Last edited by RaoulDuke; 03-10-2012 at 06:35 PM.
I just wanted to post because I had the same reaction when I was diagnosed with lupus.
I was just diagnosed in October and at first thought it was crazy that I was being diagnosed with something that is potentially very serious. The funny thing about my diagnosis is my DENTIST! was the one who told me to get checked out. I had really bad sores in my mouth and lacerations that he said were uncommon, so I should get my blood tested. I did, and everything was fine. As soon as 2 weeks after this blood test I got really sick and could barely get out of bed for almost 2 months and all my blood test numbers were out of whack. I thought I just had a bad flu or something, and afterwards thought I was just tired from being stressed wth school, etc. After I 'recovered' I never felt the same. I had constant joint pain and relentless fatigue. My white blood cell count was extremely low and still has yet to recover fully to a low-normal level.

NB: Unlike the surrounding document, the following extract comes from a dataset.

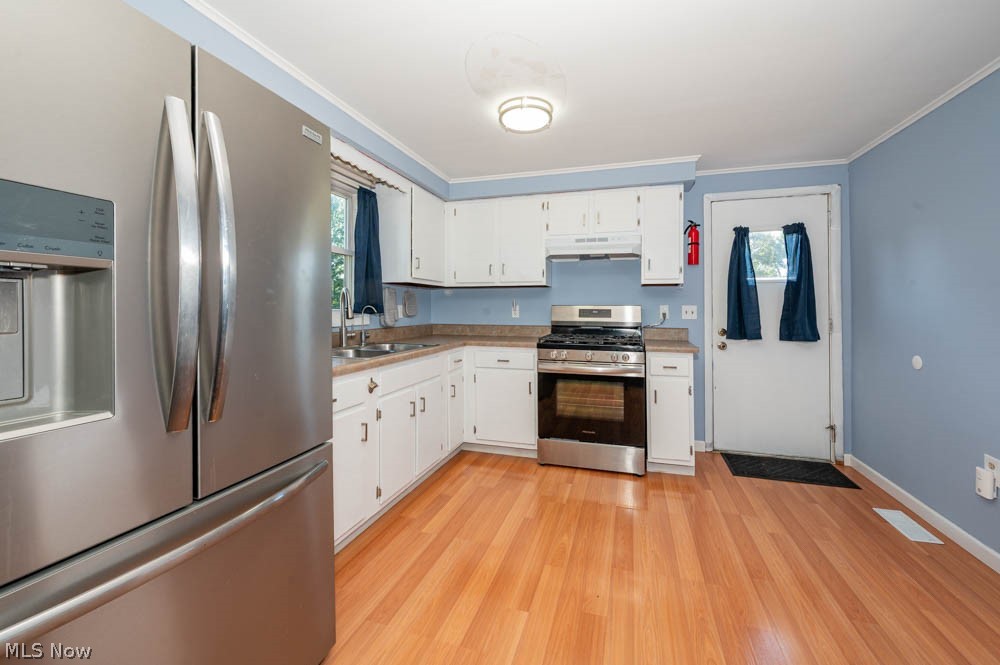 3344 Berrywood Avenue SW Canton OH 44706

My immunologist came to the conclusion that it was lupus, but just a mild form. I was put on plaquenil in October and just recently on prednisone because the symtpoms of joint pain and fatigue are still fairly bad. I have never had any sort of rash, except from majoy sunlight exposure. So from my experience, it is possible to have lupus with only mild symptoms. The plaquenil (with the help of prednisone) is finally kicking in after about 5 months and Im feeling great.
If you are diagnosed (or possibly being diagnosed) I would suggest keeping a journal of any symptoms you get! I recently had a 'flare' with chest and back pains that I thought just were due to sleeping awkwardly or strain, but due to the possibility of the inflammation around the heart and lungs, my doctor was concerned and its being looked at more carefully.

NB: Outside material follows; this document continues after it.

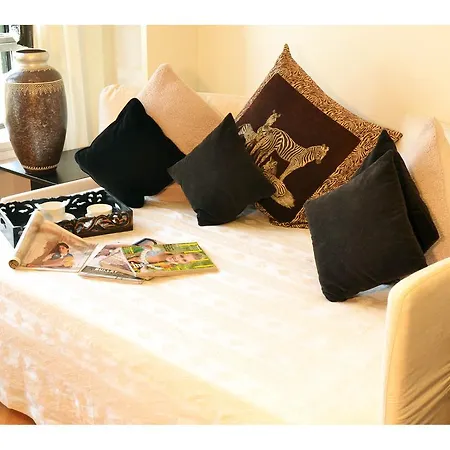 Appartement Experience Panorama *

Anyways, ill stop blabbering, but just wanted to share my experience because I felt the same way. And now I keep a journal of any symtpoms and let me immunologist know because something small like a back/chest pain could potentially be something worse that I never thought it was- even though my lupus is only mild.
hi andrea, and welcome.
it is good to see you joining in and adding your experiences.
you can also add a new thread, to let people know about andrea.
Not everyone gets all the symptoms and signs of Lupus. People may not even test ANA positive and yet still be told they have lupus. I still don't test positive for ANA but my doctor diagnosed me. I did, however, have the malar rash, fatigue, and extreme joint pain. I was diagnosed with both SLE and RA. I do test positive for scleroderma and RNP, but not ANA. I also noticed that since my diagnosis in Dec 2011, that my symptoms have become a little worse. I don't think it's psychological as the pain is significantly more intense. But, it lets up and sometimes I have good days and sometimes I am in bed. I'm just keeping my fingers crossed that I can still stay at work. I had a lot of PTO saved up so it hasn't really become an issue yet with me taking time off for feeling too much in pain. I hope you are getting the right treatments!